By Guest Authors: Bill Zhang, Peter Ableda, Shaun Ahmadian and Manish Maheshwari
In June 2022, Cloudera announced the general availability of Apache Iceberg in the Cloudera Data Platform (CDP). Iceberg is a 100% open-table format, developed through the Apache Software Foundation, which helps users avoid vendor lock-in and implement an open lakehouse.

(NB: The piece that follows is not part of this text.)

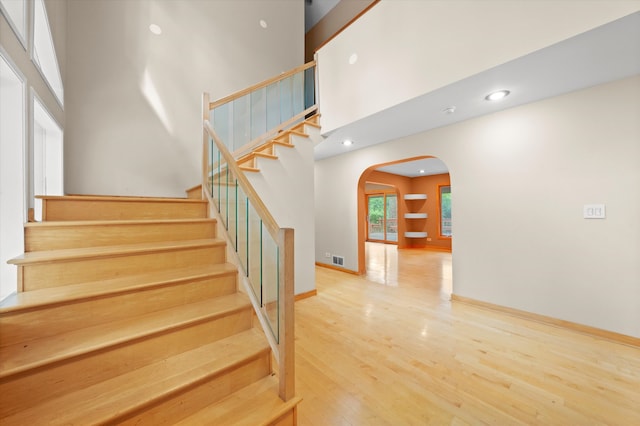 stairs featuring wood-type flooring and a high ceiling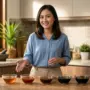 woman presenting soy sauce bowls 20261010160400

The general availability covers Iceberg running within some of the key data services in CDP, including Cloudera Data Warehouse (CDW), Cloudera Data Engineering (CDE), and Cloudera Machine Learning (CML). These connections empower analysts and data scientists to easily collaborate on the same data, with their choice of tools and engines. No more lock-in, unnecessary data transformations, or data movement across tools and clouds just to extract insights out of the data.

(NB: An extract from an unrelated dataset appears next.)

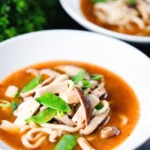 Two bowls of vegan miso noodle soup with tofu, mangetout and shiitake mushrooms.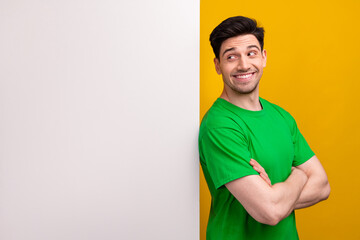 Portrait of toothy beaming guy wear stylish t-shirt look at white wall empty space palms folded isolated on yellow color background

With Iceberg in CDP, you can benefit from the following key features:
- CDE and CDW support Apache Iceberg: Run queries in CDE and CDW following Spark ETL and Impala business intelligence patterns, respectively.
- Exploratory data science and visualization: Access Iceberg tables through auto-discovered CDW connection in CML projects.

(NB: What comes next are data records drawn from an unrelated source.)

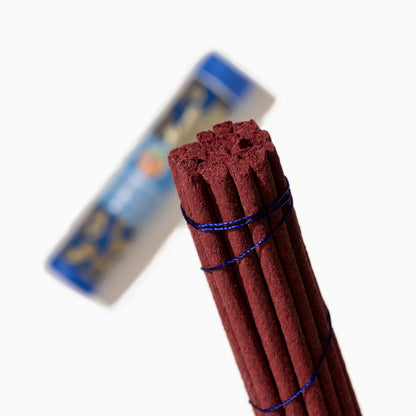 detail of box of Medicine Buddha Tibetan incense sticks on white background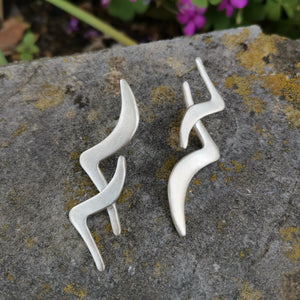 Handmade silver earrings. Two silver birds flying together.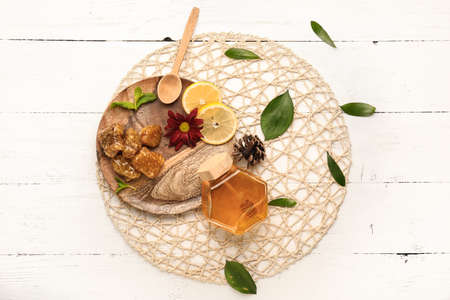 Jar of sweet honey with lemon on wooden backgroundの写真素材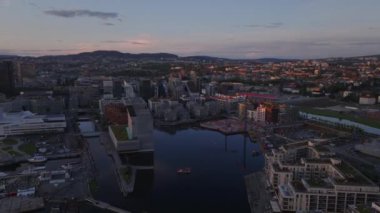 Günbatımında eski limandaki modern yerleşim yerinin hava panoramik manzarası. Rıhtımda kasaba inşaatı. Oslo, Norveç.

- Rich set of SQL (query, DDL, DML) commands: Create or manipulate database objects, run queries, load and modify data, perform time travel operation, and convert Hive external tables to Iceberg tables using SQL commands developed for CDW and CDE.
- Time Travel: Reproduce a query as of a given time or snapshot ID, which can be used for historical audits and rollback of erroneous operations, as an example.
- In-place table (schema, partition) evolution: Evolve Iceberg table schema and partition layouts without costly distractions, such as rewriting table data or migrating to a new table.
- SDX Integration (Ranger): Manage access to Iceberg tables through Apache Ranger.
In this two-part blog post, we’re going to show you how to use Iceberg in CDP to build an open lakehouse and leverage the CDP compute services from data engineering, to data warehousing, to machine learning.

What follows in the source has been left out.